Brief:
The answer must be the lines from the one that holds "Mercedes CLA250 C117" through the final line of the data, copied exactly, with no pictures.

Given material:
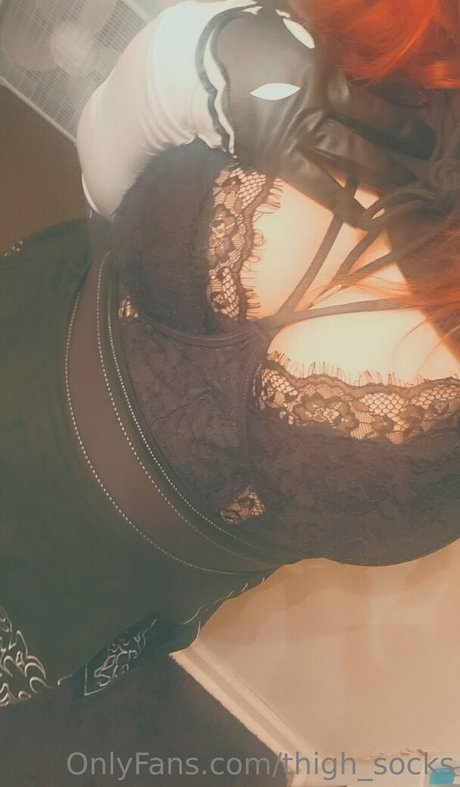 Thigh_socks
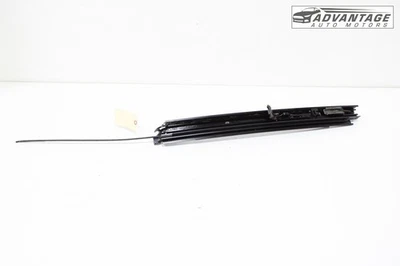 Mercedes CLA250 C117 2014-2019 techo panorámico techo corredizo guía de vía lateral derecha OEM Foto 1 de 4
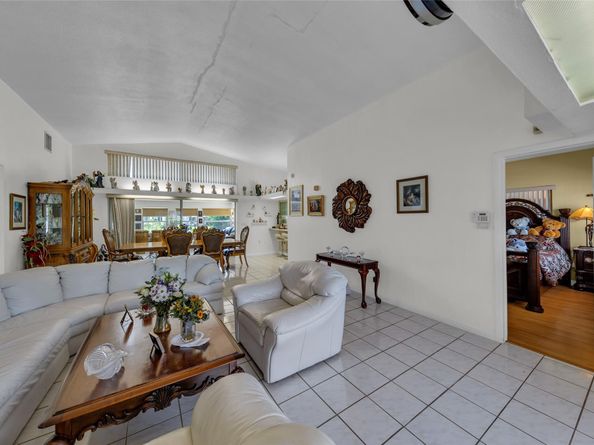 20130 NE 25th Ct, Miami FL 33180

Completed task:
 Mercedes CLA250 C117 2014-2019 techo panorámico techo corredizo guía de vía lateral derecha OEM Foto 1 de 4
 20130 NE 25th Ct, Miami FL 33180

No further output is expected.